Like all things Red Wing, Operation: Curly Fries has been embraced far and wide by patriots who seemingly only have a few things in common: an undying affection for the winged wheel, and love for the community no matter what zip code you call home. Wings Nation brotherhood was probably never felt more strongly than it was last March, when hundreds of us banded together to welcome a displaced wingnut to Motown after a long flight from Brazil.
Even though Arby’s promotion is generally only extended to Metro Detroit restaurants, that hasn’t stopped Red Wings fans all over the world from voting to correct an injustice.
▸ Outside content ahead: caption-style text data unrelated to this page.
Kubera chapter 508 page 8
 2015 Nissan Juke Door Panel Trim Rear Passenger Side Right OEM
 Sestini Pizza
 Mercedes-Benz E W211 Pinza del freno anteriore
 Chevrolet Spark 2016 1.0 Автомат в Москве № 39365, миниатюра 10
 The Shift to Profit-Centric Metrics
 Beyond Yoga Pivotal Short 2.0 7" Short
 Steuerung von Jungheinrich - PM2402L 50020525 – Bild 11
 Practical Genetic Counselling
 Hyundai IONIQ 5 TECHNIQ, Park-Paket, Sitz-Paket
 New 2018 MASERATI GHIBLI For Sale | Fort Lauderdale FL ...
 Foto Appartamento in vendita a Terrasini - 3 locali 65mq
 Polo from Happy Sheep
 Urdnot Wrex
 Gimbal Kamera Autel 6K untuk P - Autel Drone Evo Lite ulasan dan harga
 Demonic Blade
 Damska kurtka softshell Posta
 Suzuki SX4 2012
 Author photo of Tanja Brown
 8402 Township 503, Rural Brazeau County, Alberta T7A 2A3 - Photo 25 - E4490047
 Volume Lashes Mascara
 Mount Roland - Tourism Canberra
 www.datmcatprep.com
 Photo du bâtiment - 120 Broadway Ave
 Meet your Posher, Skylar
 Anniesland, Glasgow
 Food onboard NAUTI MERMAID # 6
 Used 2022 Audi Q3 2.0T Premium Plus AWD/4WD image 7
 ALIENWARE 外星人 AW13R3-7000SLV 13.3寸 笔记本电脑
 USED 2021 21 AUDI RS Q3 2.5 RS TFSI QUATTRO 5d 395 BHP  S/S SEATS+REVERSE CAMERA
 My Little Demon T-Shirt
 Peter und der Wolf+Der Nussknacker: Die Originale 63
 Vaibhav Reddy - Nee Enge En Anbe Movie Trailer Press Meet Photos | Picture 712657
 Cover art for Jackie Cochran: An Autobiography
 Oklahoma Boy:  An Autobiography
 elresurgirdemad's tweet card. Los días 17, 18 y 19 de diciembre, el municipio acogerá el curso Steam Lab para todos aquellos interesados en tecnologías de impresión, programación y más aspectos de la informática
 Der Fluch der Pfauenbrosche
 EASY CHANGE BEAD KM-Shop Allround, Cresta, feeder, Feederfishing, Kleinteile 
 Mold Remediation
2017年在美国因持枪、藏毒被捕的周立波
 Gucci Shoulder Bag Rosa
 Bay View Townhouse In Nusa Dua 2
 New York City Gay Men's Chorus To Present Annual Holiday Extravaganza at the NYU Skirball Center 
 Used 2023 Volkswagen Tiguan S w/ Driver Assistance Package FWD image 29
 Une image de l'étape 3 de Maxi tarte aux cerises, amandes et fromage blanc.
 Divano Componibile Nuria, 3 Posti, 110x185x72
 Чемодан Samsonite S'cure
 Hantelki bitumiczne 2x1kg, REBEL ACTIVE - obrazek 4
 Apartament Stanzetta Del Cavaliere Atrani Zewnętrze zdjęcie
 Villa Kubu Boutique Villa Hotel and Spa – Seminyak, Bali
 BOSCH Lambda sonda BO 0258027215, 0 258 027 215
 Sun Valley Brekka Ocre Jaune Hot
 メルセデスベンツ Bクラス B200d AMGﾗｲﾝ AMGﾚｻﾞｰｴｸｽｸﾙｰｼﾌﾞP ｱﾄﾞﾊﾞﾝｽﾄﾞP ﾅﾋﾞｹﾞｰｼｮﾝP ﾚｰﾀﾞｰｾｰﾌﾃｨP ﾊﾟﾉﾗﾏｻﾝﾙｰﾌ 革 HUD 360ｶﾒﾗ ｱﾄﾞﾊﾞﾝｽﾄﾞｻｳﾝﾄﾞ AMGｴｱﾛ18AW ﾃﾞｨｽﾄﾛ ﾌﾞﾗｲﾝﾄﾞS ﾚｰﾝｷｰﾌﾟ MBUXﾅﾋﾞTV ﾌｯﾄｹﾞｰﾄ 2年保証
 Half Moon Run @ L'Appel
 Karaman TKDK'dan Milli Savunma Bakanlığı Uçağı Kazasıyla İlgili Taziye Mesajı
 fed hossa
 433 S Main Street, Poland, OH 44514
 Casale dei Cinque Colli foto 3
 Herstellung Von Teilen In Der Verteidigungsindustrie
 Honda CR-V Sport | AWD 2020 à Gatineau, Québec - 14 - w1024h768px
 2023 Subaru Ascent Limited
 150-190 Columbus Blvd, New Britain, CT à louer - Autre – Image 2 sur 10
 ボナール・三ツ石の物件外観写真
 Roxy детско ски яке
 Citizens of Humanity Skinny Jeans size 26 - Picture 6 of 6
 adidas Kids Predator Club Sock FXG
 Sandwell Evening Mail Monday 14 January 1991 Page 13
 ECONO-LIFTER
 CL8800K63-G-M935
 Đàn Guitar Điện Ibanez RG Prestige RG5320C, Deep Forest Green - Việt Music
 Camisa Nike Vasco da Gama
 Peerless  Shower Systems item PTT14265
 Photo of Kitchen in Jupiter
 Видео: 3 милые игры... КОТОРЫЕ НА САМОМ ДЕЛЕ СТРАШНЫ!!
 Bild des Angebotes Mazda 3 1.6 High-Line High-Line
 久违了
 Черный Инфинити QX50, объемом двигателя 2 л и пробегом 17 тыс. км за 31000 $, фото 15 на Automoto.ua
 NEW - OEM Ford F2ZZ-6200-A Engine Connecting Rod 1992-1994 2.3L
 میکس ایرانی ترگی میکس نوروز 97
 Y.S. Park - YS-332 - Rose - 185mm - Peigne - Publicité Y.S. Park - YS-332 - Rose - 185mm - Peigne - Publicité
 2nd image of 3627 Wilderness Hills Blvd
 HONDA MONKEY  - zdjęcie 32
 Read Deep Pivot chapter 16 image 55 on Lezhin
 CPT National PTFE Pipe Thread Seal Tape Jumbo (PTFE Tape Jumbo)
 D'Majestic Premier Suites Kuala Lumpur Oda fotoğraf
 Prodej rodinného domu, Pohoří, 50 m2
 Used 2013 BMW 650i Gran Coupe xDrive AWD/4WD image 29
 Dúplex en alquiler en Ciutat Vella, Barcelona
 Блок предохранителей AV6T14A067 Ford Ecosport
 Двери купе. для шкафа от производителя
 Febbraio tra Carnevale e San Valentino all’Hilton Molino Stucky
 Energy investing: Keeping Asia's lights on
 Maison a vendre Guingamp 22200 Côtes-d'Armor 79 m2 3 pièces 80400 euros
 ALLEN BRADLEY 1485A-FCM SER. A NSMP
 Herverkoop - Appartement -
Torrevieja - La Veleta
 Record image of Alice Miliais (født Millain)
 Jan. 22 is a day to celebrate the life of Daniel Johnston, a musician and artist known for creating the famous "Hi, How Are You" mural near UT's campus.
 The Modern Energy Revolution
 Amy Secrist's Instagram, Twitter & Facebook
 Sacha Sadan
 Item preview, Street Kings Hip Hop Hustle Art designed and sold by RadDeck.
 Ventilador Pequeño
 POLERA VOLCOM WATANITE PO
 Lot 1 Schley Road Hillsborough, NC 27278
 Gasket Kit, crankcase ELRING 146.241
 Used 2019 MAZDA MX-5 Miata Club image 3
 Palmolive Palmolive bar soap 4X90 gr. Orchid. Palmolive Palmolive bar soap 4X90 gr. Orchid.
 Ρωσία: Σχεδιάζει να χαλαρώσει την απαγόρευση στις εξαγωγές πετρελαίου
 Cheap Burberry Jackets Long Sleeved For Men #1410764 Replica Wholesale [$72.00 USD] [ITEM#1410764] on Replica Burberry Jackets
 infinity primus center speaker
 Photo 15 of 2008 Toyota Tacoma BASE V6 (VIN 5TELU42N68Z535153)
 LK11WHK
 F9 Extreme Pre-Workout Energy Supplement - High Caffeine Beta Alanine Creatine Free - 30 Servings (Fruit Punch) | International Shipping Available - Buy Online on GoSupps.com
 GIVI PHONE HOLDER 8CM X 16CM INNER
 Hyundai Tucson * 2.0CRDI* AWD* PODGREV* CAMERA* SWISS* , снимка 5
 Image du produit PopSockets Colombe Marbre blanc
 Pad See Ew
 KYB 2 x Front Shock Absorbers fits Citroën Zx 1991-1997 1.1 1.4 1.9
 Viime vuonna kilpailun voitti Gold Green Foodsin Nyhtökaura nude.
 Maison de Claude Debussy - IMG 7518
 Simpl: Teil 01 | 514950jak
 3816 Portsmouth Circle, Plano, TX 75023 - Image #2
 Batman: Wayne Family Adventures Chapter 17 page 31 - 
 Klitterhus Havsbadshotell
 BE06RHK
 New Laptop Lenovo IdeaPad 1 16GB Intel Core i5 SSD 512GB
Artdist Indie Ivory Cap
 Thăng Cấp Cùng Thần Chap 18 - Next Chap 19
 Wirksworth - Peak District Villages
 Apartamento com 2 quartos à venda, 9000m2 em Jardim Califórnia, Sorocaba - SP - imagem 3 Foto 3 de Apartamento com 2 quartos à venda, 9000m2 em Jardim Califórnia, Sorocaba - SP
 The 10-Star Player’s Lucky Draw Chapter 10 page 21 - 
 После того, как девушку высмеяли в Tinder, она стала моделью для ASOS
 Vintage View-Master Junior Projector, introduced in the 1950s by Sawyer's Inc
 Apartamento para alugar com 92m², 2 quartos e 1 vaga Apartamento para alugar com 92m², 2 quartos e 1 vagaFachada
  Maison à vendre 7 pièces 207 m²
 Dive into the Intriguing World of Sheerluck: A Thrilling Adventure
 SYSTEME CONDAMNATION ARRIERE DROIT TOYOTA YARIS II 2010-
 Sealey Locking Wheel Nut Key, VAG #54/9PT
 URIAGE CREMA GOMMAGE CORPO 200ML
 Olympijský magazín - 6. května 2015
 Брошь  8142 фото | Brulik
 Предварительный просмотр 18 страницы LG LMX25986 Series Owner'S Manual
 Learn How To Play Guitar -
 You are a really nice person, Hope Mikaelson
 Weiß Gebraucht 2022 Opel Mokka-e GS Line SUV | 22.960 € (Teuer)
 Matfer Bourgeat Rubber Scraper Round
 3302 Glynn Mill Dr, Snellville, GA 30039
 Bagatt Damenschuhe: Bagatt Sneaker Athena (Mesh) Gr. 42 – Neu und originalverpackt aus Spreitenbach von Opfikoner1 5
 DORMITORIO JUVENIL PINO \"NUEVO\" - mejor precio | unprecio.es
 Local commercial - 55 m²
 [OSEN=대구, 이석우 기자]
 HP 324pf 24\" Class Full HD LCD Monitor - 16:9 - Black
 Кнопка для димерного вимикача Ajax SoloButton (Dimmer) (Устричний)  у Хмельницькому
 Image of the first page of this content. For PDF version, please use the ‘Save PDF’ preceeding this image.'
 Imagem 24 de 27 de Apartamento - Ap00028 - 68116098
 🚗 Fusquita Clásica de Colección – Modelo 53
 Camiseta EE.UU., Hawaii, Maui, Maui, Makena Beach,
We’ve received tweets or e-mails of support from people in Alabama, Arizona, California, Colorado, Connecticut, Florida, Georgia, Illinois, Indiana, Kansas, Kentucky, Louisiana, Maryland, Massachusetts, Michigan, Minnesota, Missouri, Montana, Nevada, New Hampshire, New Jersey, New York, North Carolina, Ohio, Pennsylvania, South Carolina, Tennessee, Texas, Utah, Vermont, Virginia, Washington, West Virginia, Wisconsin, and the District of Columbia.
We’ve confirmed Alberta, British Columbia, Manitoba, Ontario, Quebec, and Saskatchewan have checked in and voted Fries.
Our favorite Brazilian has voted. Our favorite Norwegian has, too. So has Australia, Austria, Belarus, Czech Republic, France, Germany, Greece, India, Italy, Latvia, Morocco, New Zealand, Poland, Romania, Russia, Slovakia, Spain, Sweden, Switzerland, Turkey, Ukraine, and the United Kingdom.
I didn’t even know what Mauritania was until we found out they read the site, and count themselves among the Wings faithful.
A very small percentage of those fine folks can actually cash in on curly fries if one of their beloved goes hatty. But each and every one of them wants the Detroit contingent to be able to cash in, because they know that’s what’s right.
Our campaign manager, CaptNorris at The Winged Wheel, has been doing an excellent job keeping track of which states are trending Curlies, and which are still under the veil of evil and darkness (and Nascar).
As you can see, the three of us that make up The Production Line won’t let our states falter. None of us call Michigan home anymore, though I’ll be spending Christmas with my folks. But that hasn’t deterred us from beginning this campaign. We knew which way the wind was blowing on this Curly Fries issue… and we took action. Because that’s what Red Wings fans do for each other. We bail each other out when we’re arrested for tossing Octopi, we wear orange hats to tribute a long-time fan, we scream Don’t Stop Believing so loudly that fans in every one of those countries listed above can hear it and know we’re singing for them, too.
We vote Curly Fries. Because that’s Red Wings fans want. You know who wants Junior Roast Beef?
After a tumultuous first 48 hours that saw our lead fluctuate from 97% to the fifties, Curly Fries are holding steady at 66%. This weekend saw the numbers begin to stabilize, moving only a few points – but staying between 65 and 70%. That doesn’t mean you should rest on your laurels. You need to continue voting. You should be voting right now, because you don’t know that Beefians aren’t hiding in the bushes.
Go ahead and click that link… we’ll still be here when you get back. And we’ll be here for a long time after that. Rest assured, Wings Nation, we won’t sleep until you get your Curly Fries back.